##### Information supplied

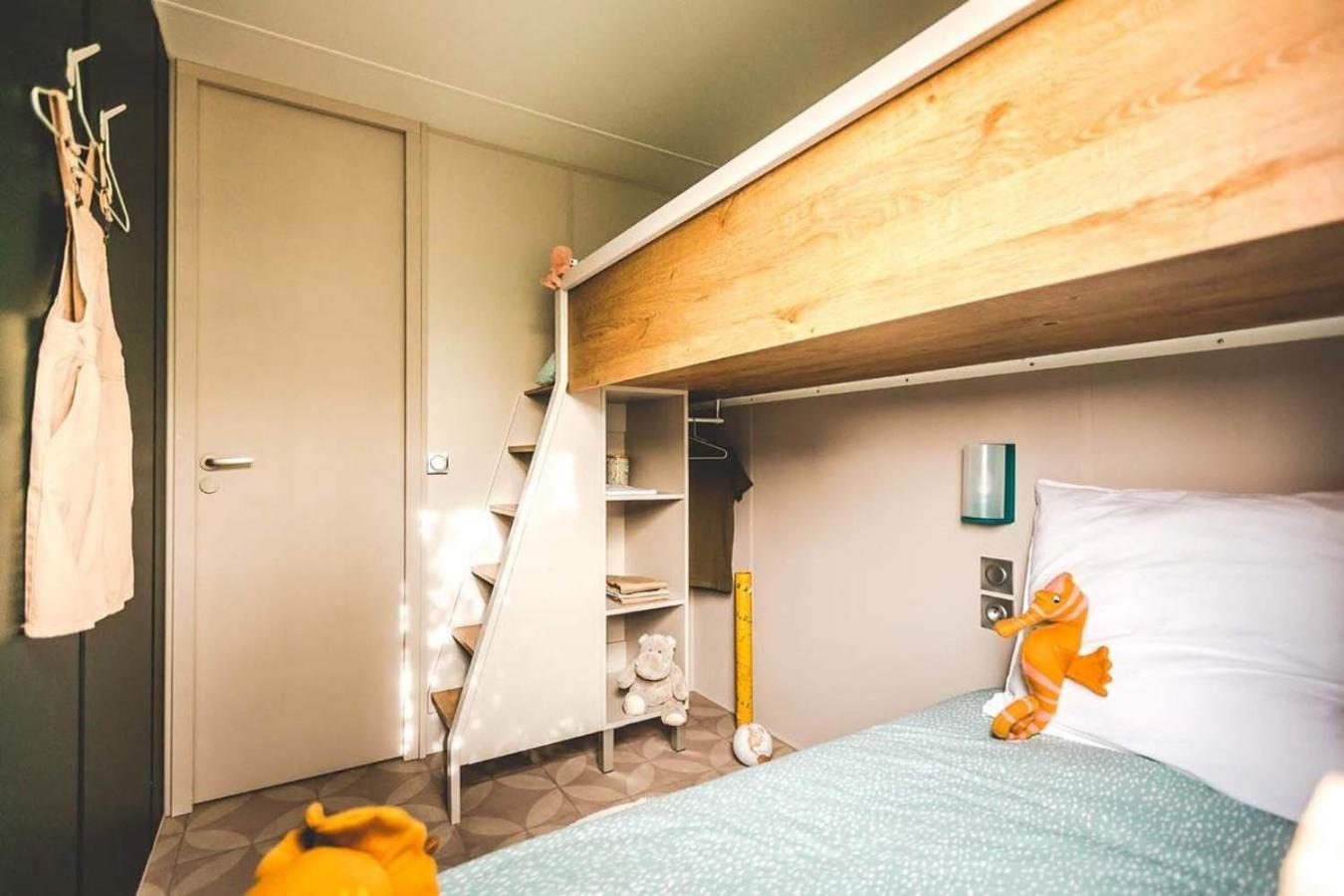 Mobil Homes Vacances Grimaud Kültér fotó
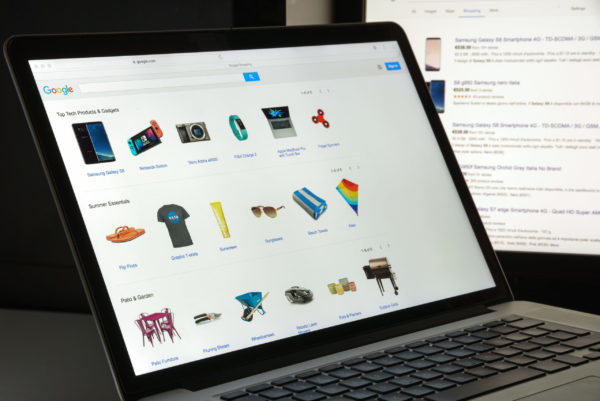 Google Shopping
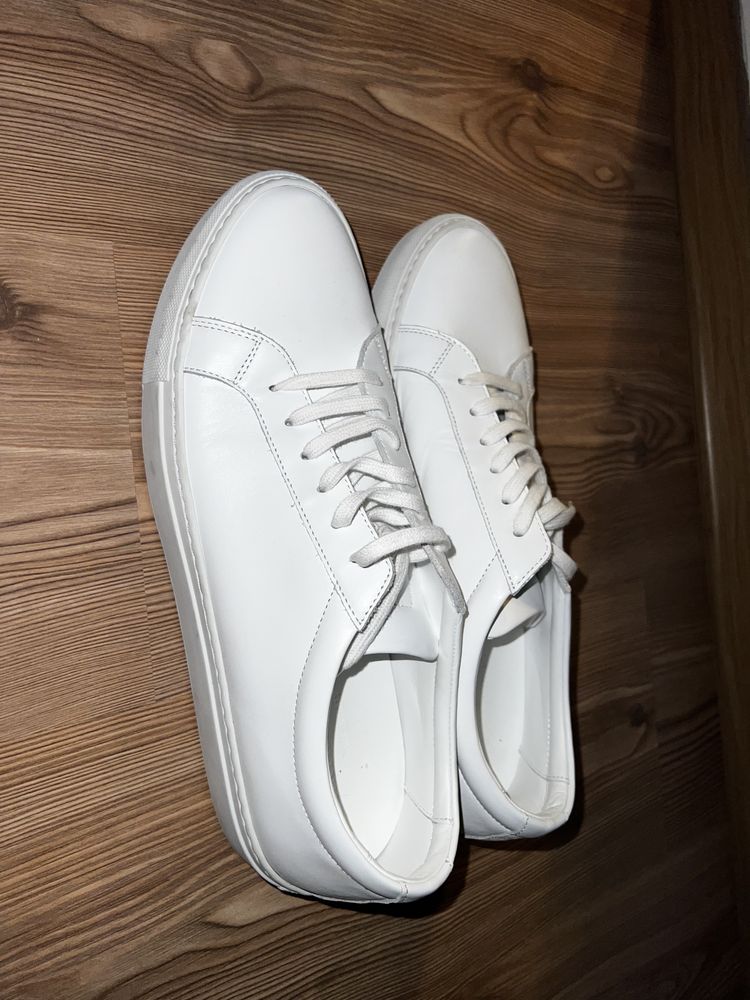 Artisan Lab Essential Sneaker White 44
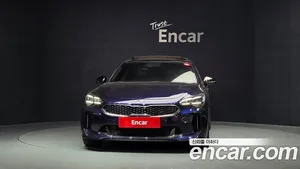 Kia Stinger, 2020 — миниатюра 3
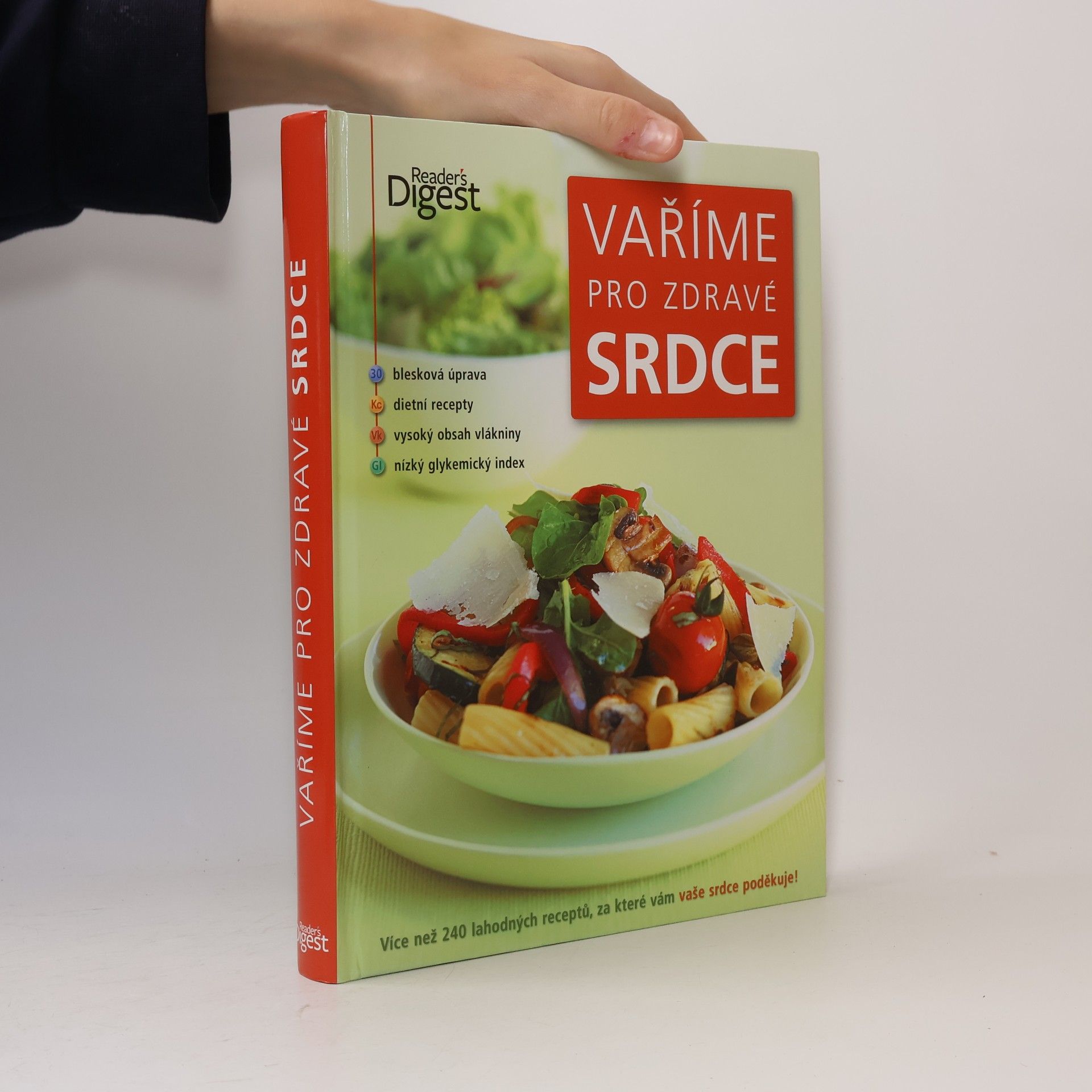 Autorenkollektiv Vaříme pro zdravé srdce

##########

### Task directions
Each line from the one holding "Artisan Lab Essential Sneaker White 44" through the final line of the data needs to be transcribed exactly. Include both ends, skip the pictures, and add nothing.

### Exercise answer
 Artisan Lab Essential Sneaker White 44
 Kia Stinger, 2020 — миниатюра 3
 Autorenkollektiv Vaříme pro zdravé srdce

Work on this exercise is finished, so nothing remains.